* Function Factories and Iterators (advanced Lua)

For users to report plugin bugs and request plugin enhancements; and for authors to test new/new versions of plugins, and to discuss plugin development (in the Programming Technicalities sub-forum). If you want advice on choosing or using a plugin, please ask in General Usage or an appropriate sub-forum.
Post Reply
User avatar
Jane
Site Admin
Posts: 8441
Joined: 01 Nov 2002 15:00
Family Historian: V7
Location: Somerset, England
Contact:

Function Factories and Iterators (advanced Lua)

Post by Jane » 19 Oct 2012 17:05

I have been experimenting with writing my own iterators and function factories.

I have added a couple of iterators to the Code Snippets.

This afternoon I took a look at Mikes Soundex routine and tried a little experiment, using a Function factory to return a function at the same time as setting up it's parameters as local variables.
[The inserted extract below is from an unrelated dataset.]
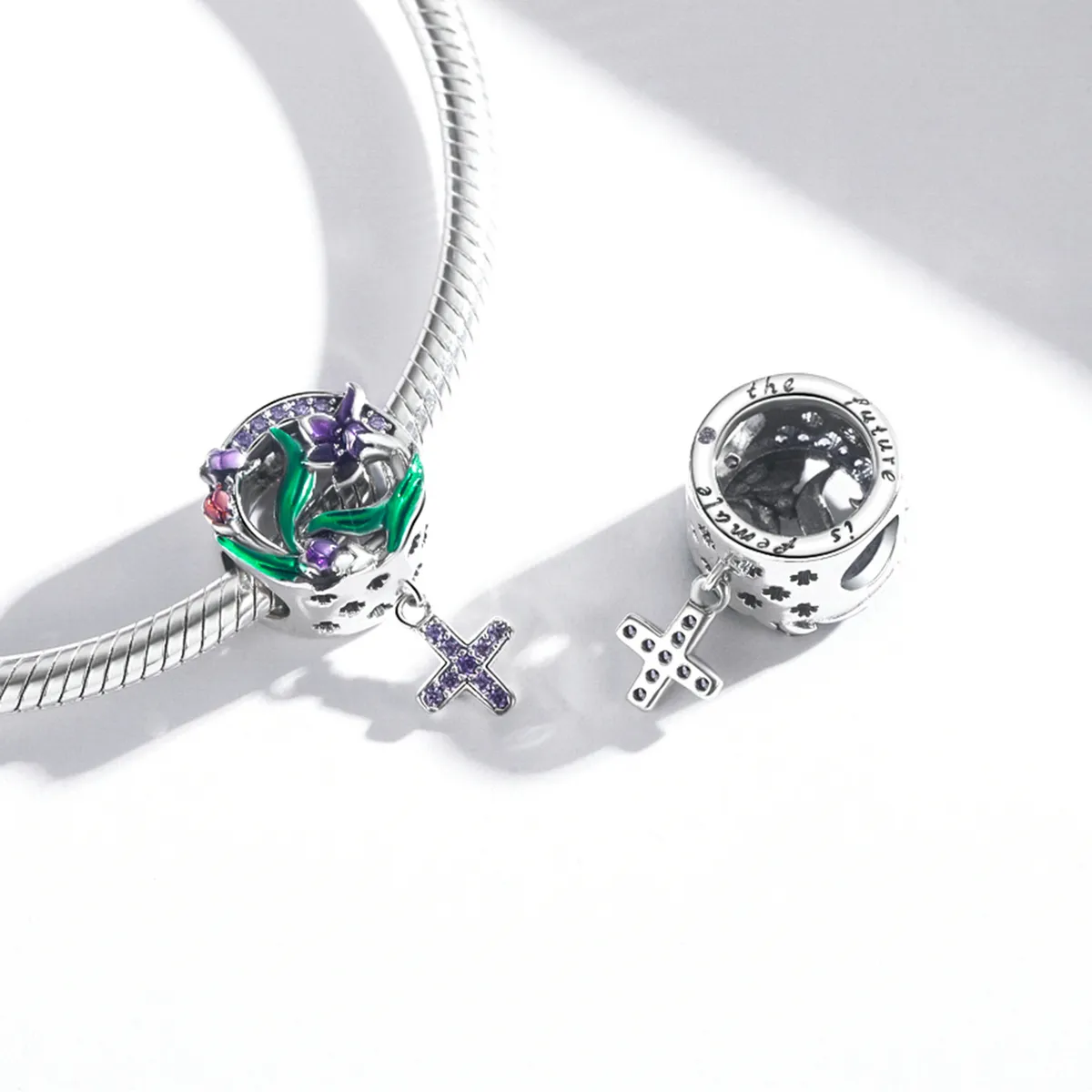 Pandora Style Feminine Power - Flower Cross Charm - SCC2142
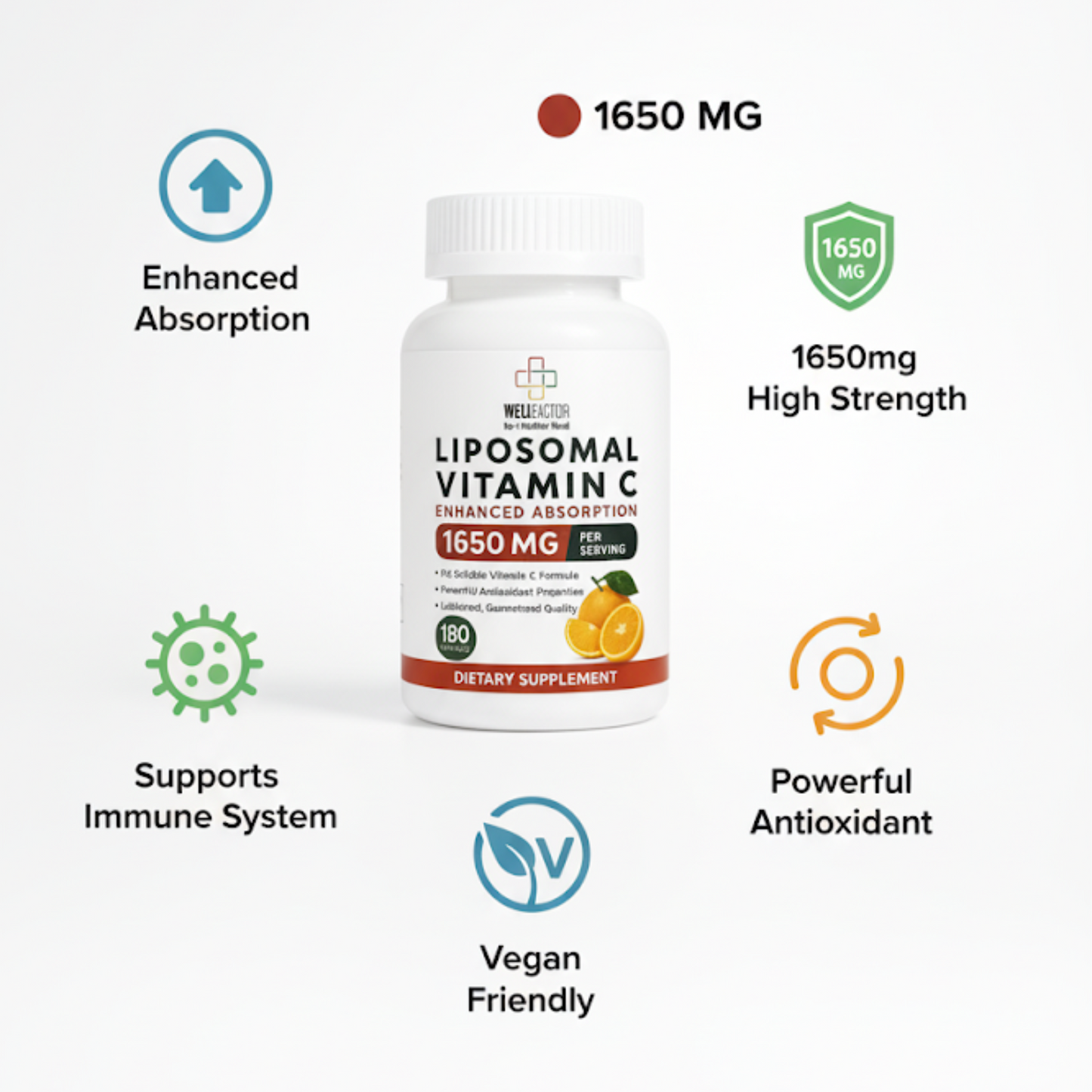 Well Factor Liposomal Vitamin C Capsules 1650mg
I suspect it's slightly quicker than the other version, but also has the advantage of being self contained with no global variables.

Any thoughts?

Code: Select all

--[[
@Title:      Soundex Calculator
@Author:   Jane Taubman
@Version:   1.0
@LastUpdated:   October 2012
@Description:   Function to Convert any Name to Soundex as per http://en.wikipedia.org/wiki/Soundex
      and http://creativyst.com/Doc/Articles/SoundEx1/SoundEx1.htm#SoundExAndCensus
]]


function newSoundEx()
    local TblSoundex = {} -- Soundex dictionary of previously coded Names & Places
    
    local TblCodeNum = { -- Soundex code number table
        A=0,E=0,I=0,O=0,U=0,Y=0, -- H=0,W=0, -- H & W are ignored
        B=1,F=1,P=1,V=1,
        C=2,G=2,J=2,K=2,Q=2,S=2,X=2,Z=2,
        D=3,T=3,
        L=4,
        M=5,N=5,
        R=6
    }
    return function (strAnyName)
        strAnyName = string.upper(strAnyName:gsub('[^%a]','')) -- Make name upper case letters only
        if strAnyName == '' then return 'Z000' end
        local strSoundex = TblSoundex[strAnyName] -- If already coded then return previous Soundex code
        if strSoundex then return strSoundex end
        local strSoundex = string.sub(strAnyName,1,1) -- Soundex starts with initial letter
        local tblCodeNum = TblCodeNum -- Local reference to Global table is faster
        local strLastNum = tblCodeNum[strSoundex] -- Set initial Soundex code number
        for i = 2, string.len(strAnyName) do
            local strCodeNum = tblCodeNum[string.sub(strAnyName,i,i)] -- Step through Soundex code of each subsequent letter
            if strCodeNum then
                if strCodeNum > 0 and strCodeNum ~= strLastNum then -- Not a vowel nor same as Soundex preceeding code
                    strSoundex = strSoundex..strCodeNum -- So append Soundex code until 4 chars long
                    if string.len(strSoundex) == 4 then
                        TblSoundex[strAnyName] = strSoundex -- Save code for future quick lookup
                        return strSoundex
                    end
                end
                strLastNum = strCodeNum -- Save as Soundex preceeding code, unless H or W
            end
        end
        strSoundex = string.sub(strSoundex..'0000',1,4) -- Pad code with zeroes to 4 chars long
        TblSoundex[strAnyName] = strSoundex -- Save code for future quick lookup
        return strSoundex
    end -- function StrSoundex
end -- function newSoundEx



local strSoundex = newSoundEx()  -- Create strSoundex Function.
print(os.clock())
for i = 1,10000 do
        for _,v in ipairs({'Mullins','Smith','Jones','Smith'}) do
        local s = (strSoundex(v))
    end
end
print(os.clock())
ID:6538
Jane
My Family History : My Photography "Knowledge is knowing that a tomato is a fruit. Wisdom is not putting it in a fruit salad."

User avatar
tatewise
Megastar
Posts: 27079
Joined: 25 May 2010 11:00
Family Historian: V7
Location: Torbay, Devon, UK
Contact:

Function Factories and Iterators (advanced Lua)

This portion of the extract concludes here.